Problem to solve:
When you reach the line containing "Bottom view smiling", begin reproducing the material exactly, stop after the line containing "A woman models", and leave out any pictures along the way.

Task material:
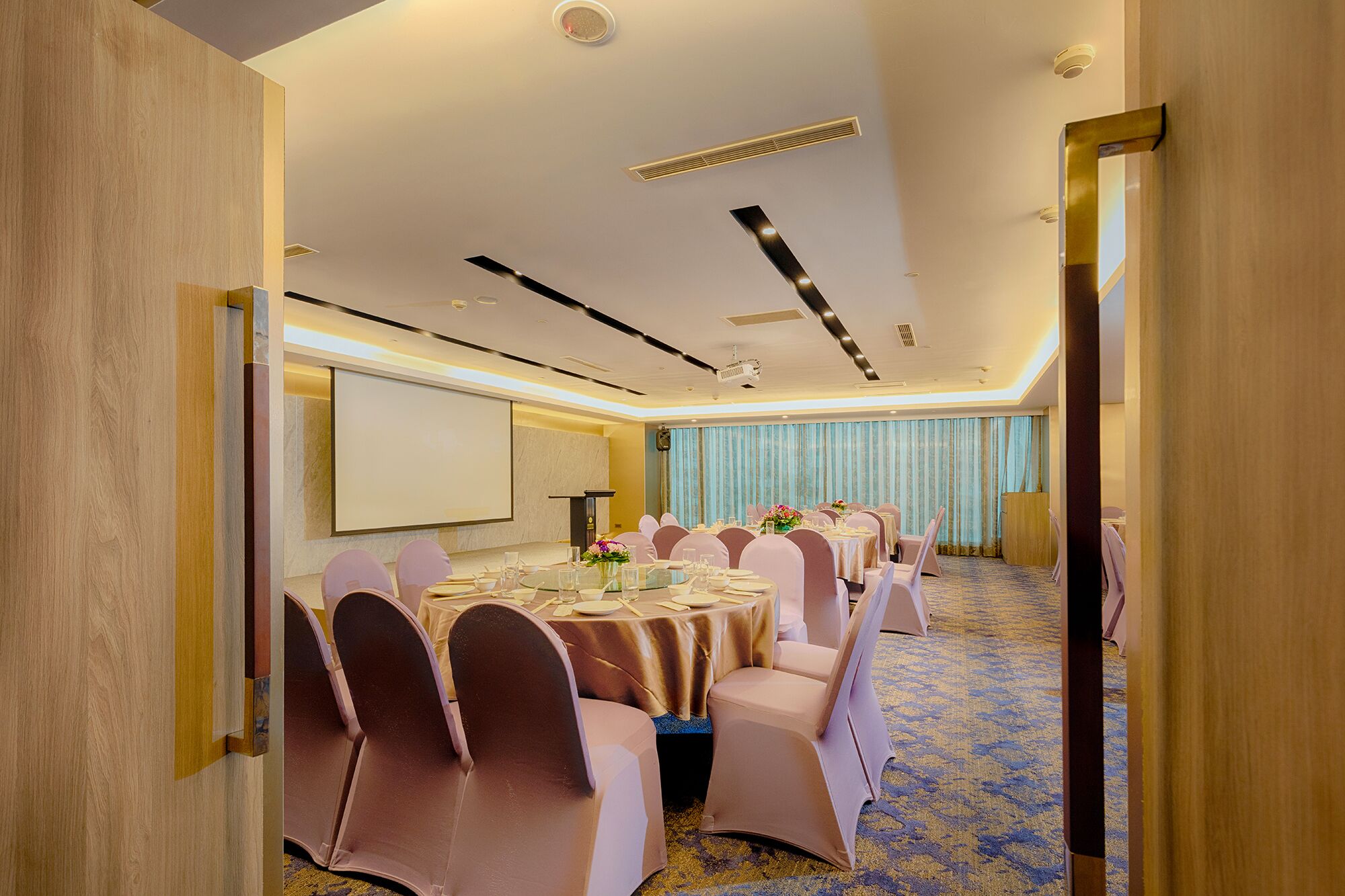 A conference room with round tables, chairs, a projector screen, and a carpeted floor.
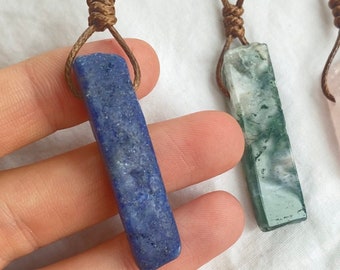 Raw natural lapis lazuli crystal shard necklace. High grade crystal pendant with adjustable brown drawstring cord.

==

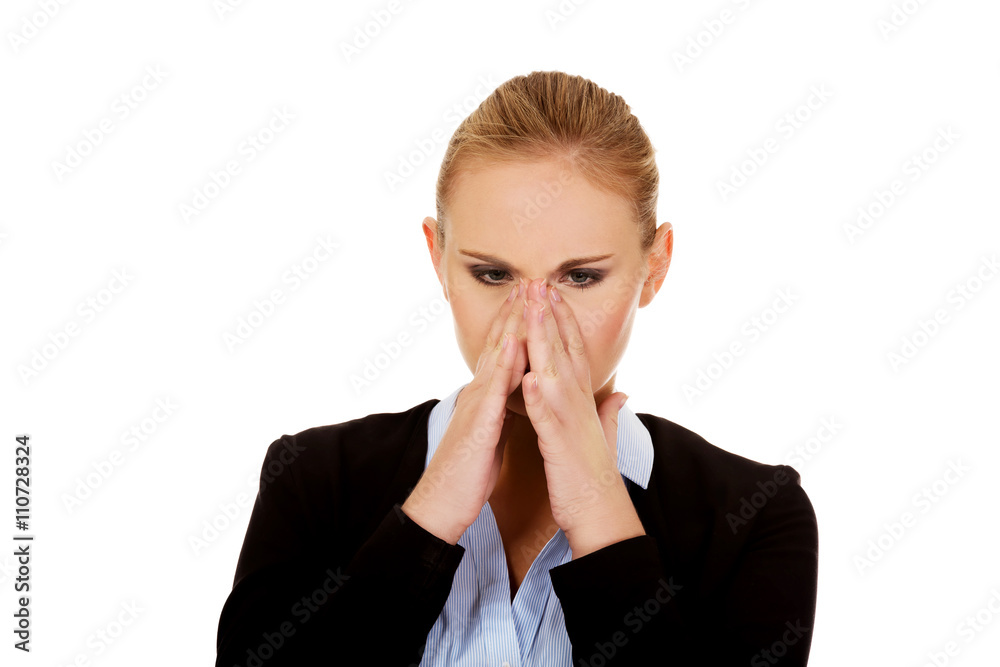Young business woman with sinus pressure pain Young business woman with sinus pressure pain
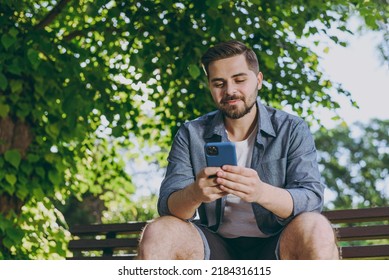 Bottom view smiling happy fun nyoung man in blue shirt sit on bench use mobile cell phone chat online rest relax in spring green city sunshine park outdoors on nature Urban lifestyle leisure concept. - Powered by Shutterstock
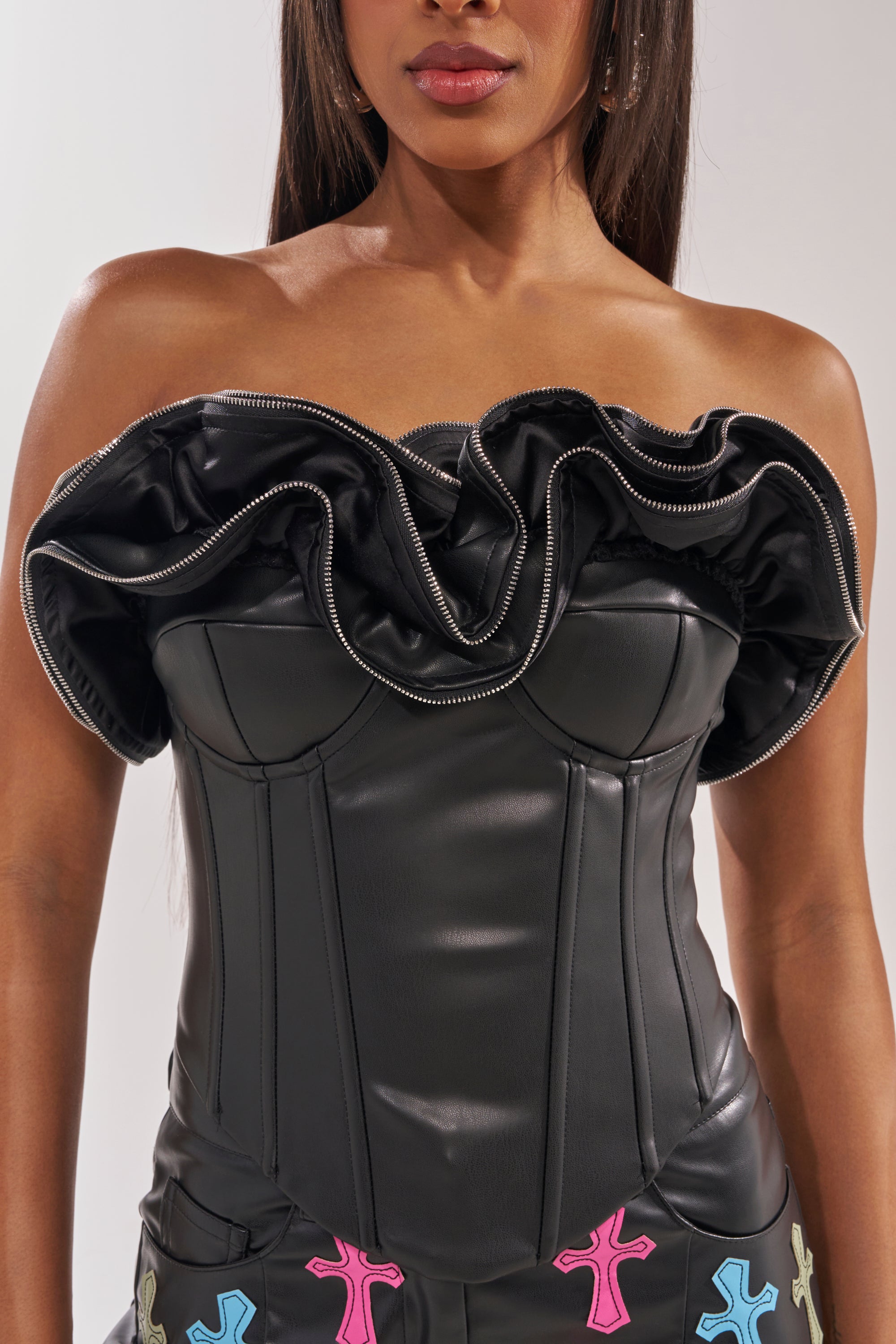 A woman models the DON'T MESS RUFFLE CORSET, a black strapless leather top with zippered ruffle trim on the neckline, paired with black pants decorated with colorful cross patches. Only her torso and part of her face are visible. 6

---

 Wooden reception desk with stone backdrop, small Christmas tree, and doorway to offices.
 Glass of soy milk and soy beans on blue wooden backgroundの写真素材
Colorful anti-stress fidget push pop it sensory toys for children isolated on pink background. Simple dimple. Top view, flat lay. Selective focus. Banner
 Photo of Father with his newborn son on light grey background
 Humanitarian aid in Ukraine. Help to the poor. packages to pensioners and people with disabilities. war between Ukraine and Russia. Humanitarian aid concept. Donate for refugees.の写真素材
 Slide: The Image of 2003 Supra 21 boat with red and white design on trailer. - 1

Output of the exercise:
 Bottom view smiling happy fun nyoung man in blue shirt sit on bench use mobile cell phone chat online rest relax in spring green city sunshine park outdoors on nature Urban lifestyle leisure concept. - Powered by Shutterstock
 A woman models the DON'T MESS RUFFLE CORSET, a black strapless leather top with zippered ruffle trim on the neckline, paired with black pants decorated with colorful cross patches. Only her torso and part of her face are visible. 6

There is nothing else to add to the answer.